Without giving anything away, because you want to go into this film knowing as little as possible, Bad Times at the El Royale is about seven people who show up at an old Reno hotel with a whole lot of baggage. As the eerie atmosphere of the hotel begins to reveal itself as something deeper, a considerable amount of hell breaks loose as each character tries to do what they came there for – be that unfinished business, or just trying to survive and get some goddamned sleep – all of them products of their fragile time in history.
There aren’t really heroes and villains, just people trying to do what’s right or get what they want. All of the performances were fantastic, even the chronic mumbling of Jeff Bridges was both a legible and fantastic character. A couple of other performances surprised me, including a couple of brief appearances of Nick Offerman and a disconcertingly American Chris Hemsworth. With the brilliant direction of Drew Goddard, everything from the characters to great set design on such a small budget creates a compelling version of slowly crumbling America in the late 1950s.
Bad Times champions the idea of “show don’t tell.” Information is presented very organically, and there isn’t a single moment in which a character has to give out some kind of exposition along with their dialogue. The film slowly gives you pieces of information, making sure to focus on them long enough for you to pick them up, but then trusts you to put them together yourself. When this is pulled off, and it’s pulled off masterfully, it is such a refreshing and exciting way of telling a story.

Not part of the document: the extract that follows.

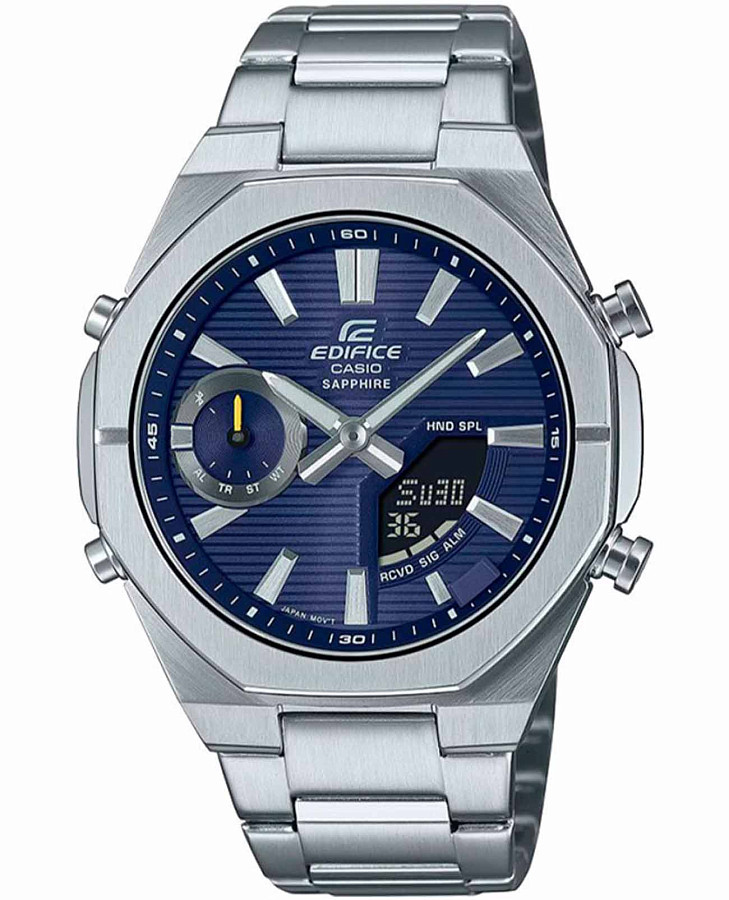 Часы Casio Edifice ECB-S10D-2A — мужские, синий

In that same vein, the way the first half of the story is told from multiple characters’ perspectives is very well-handled, and both weaves the characters’ stories together in interesting ways and very deftly makes sure you understand the chronological order of events despite their mixed presentation. I have to give credit to both the film’s editor, Lisa Lassek, and the cinematographer, Seamus McGarvey, for making this element of the film work as well as it did.

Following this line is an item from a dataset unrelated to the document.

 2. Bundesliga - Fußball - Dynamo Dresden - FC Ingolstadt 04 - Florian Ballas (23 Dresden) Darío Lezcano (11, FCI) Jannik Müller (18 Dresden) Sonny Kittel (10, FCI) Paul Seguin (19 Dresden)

I do think that the film slowed down a little bit after all of the characters’ stories converged and the film switched to a more linear storytelling, but that’s not to say the second half is bad because of it. It still contains the same marvelous filmmaking, and even did a really good job of subverting my expectations and predictions with its story beats. My only real criticism of the film is small, and ultimately, a nitpick: that being that the score in one of the latter scenes felt very off. For starters, specifically noticing a film’s score is a bad sign, because film scores always do their best work when they dissolve into the background of the scene. But this piece of music felt very heavy-handed and a little out of place with how it was trying to dictate how audience members should be feeling about the scene. This is not a bad thing on principle, but none of the other music in the film did this and it certainly stood out.
This film manages to be an intense thriller chockablock with good characters and a scathing historical look at America during one of it’s more shakey moments. The commentary is delivered mainly through the characters, and like the rest of its showing (rather than telling) it is done both very effectively and without taking you out of the moment. I will warn you, though, this film is not light in any sense of the word. It’s dark, it’s honest and it’s straight-up nasty when it comes to certain things.
This is particularly notable with the violence – it doesn’t gratuitously show anything, but it certainly isn’t shy with it either. If those sorts of things are nowhere near your alley, then I would maybe suggest you steer away from this one, or at least go into it with caution. Besides that, I absolutely suggest you go out to see this while it’s still in theatres. It made me laugh, it made my cry, it made me sit up in my seat when I was getting comfortable – hell, it even made me almost yell “Just dome him!” in a very sparsely-occupied cinema. At the very least, check this one out once it hits streaming services. It’ll most certainly be worth your time.